Yes, somehow the Small Axe series played in the US. Probably on Amazon. Very strong filming and storytelling.
It’s all a little weird for me in that when I was a good little middle-class hippy we basically hated reggae and identified it totally with skinhead bovver boys, whose favourite recreation, we believed, was beating the shit out of us hippies. Not that that ever happened to me. This was all before Bob Marley hooked up with Chris Blackwell and Island Records. Still making his magnificent work with Lee Perry. Which I never heard until years later.
In 1971/72, I lived in a grotty flat on Westbourne Park Road, a couple of streets away from Island’s studios. We bought out veg on Portobello Road, saw films at the Electric Cinema, but rarely ventured further west to Ladbroke Grove or north past the motorway overpass to the nether reaches of the market. For a short while I sold Frendz on the streets - I was very bad at it - but that involved going to the office which was up that way. I recall seeing completely burnt-out saucepans for sale on a market stall, which puzzled me. All of which is to say that we didn’t have really any interaction with the West Indian community and I don’t recall any obvious presence on their part. The place was crammed with hippies and boarded up rows of houses, but squatting was not yet widespread, although there was talk of it.
Once, before I lived in London, I bought some “grass” on a day trip to Portobello for that purpose from a Jamaican I accosted pretty much at random on the street. I was such an idiot back then! But that was about the sum total of my experiences with black culture and life.

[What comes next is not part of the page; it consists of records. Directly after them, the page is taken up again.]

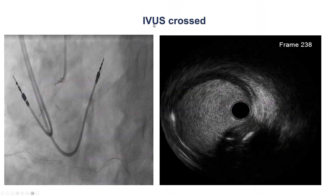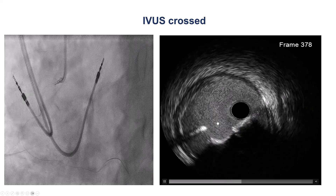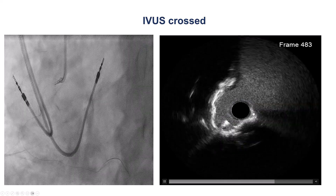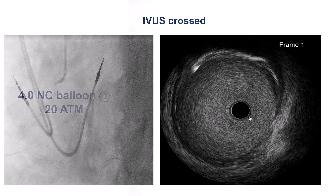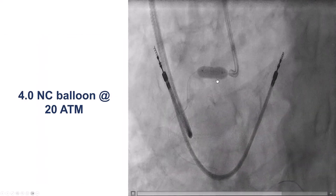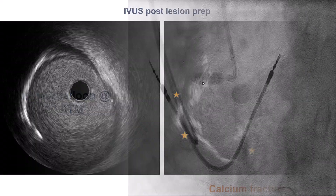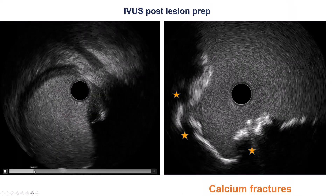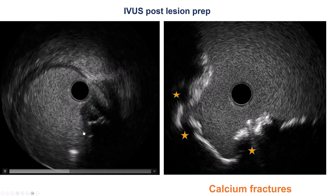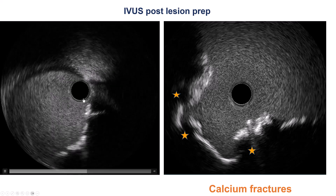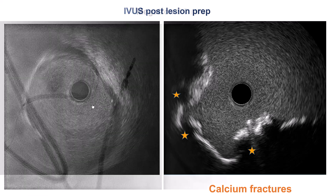After doing the atherectomy, we were able to insert the IVUS catheter. Now doing a pullback, we can see the heavy calcification of the ostium of the RCA, but the calcium has been disrupted. We then performed pre-dilation with a 4.0 mm balloon that expanded nicely. Repeated IVUS showed that there is still some calcium at the ostium; however, the calcium has been fractured and we have a nice lumen area at the ostium.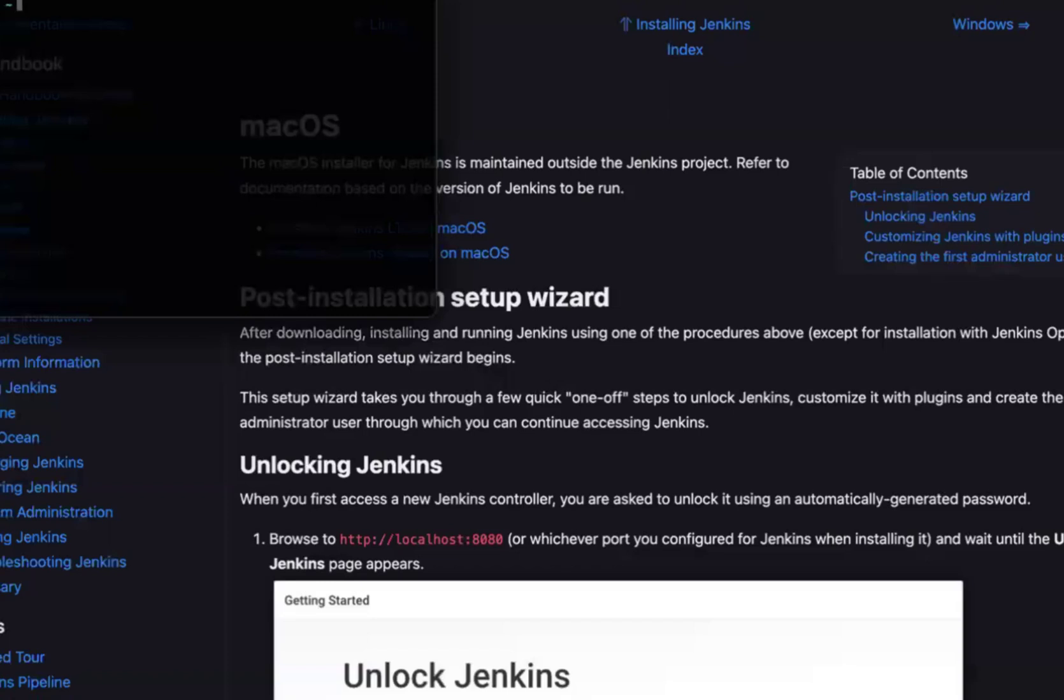Hello viewers, how are you all? Welcome back to another video. Guys, in this video, we are going to discuss how we can unlock Jenkins.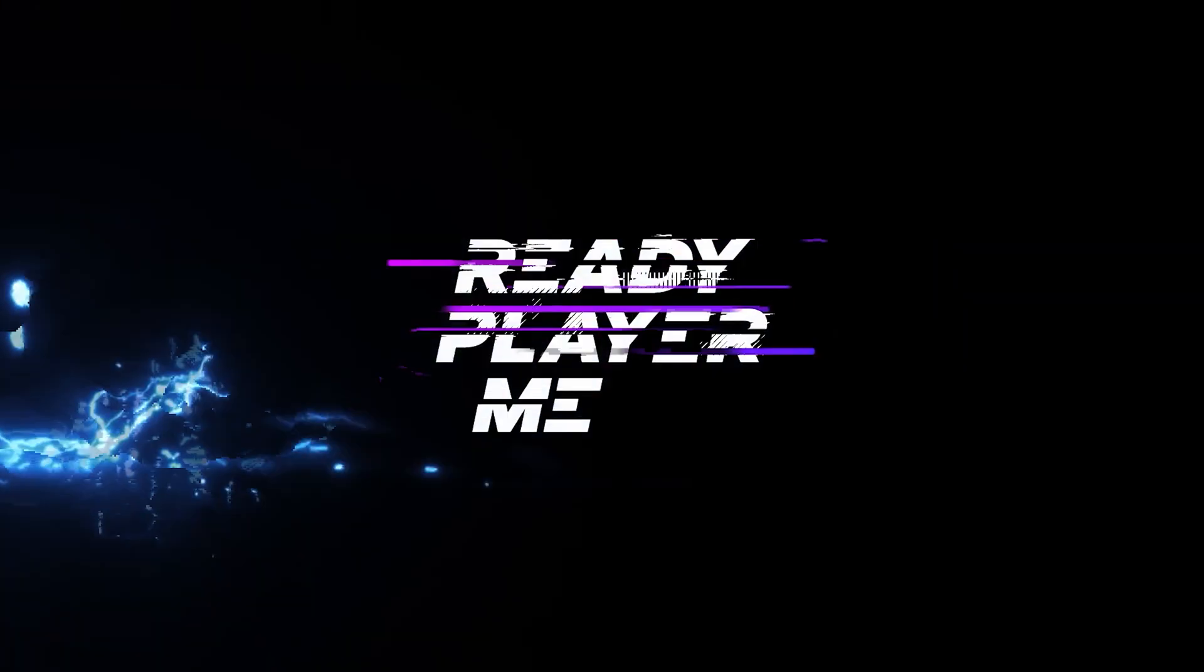After this video, you will know how to get your Ready Player Me avatar into the Unreal Engine using the Ready Player Me SDK. This video is sponsored by Ready Player Me.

Ten years later (or so), I went overboard for reggae, but it was something of a long process. Today, if forced to choose only one genre of music to listen to forever, I might pick reggae and/or dub. Still a tough choice to make. African rumba, juju, salsa/Afrocuban (particularly African expressions of it) would also be strong contenders.

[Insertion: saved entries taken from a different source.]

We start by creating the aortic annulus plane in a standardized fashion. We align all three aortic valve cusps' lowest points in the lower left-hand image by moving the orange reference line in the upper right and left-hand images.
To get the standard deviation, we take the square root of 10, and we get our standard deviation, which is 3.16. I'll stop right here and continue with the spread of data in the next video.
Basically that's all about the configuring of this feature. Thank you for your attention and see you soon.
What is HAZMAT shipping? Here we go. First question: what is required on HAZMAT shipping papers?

I often wonder how my life would have gone if I’d stayed in England. Would I have been involved with punk? Been in the music business, which I had dabbled in with unimpressive results? Although I have a story or two. Or would the white middle-class world and family have absorbed me back into some dreary bourgeois life?
As far as this topic is concerned, I’m always fascinated by what did happen in the UK in my absence. Pre-internet news was relatively scarce, although I got almost every issue of NME for years and a few copies of The Face and Straight No Chaser, bought the new imports the week of release even if US release was imminent - I was a trendy little bugger! But it all felt somewhat remote and like the real show was going on back in England. Still does in some ways.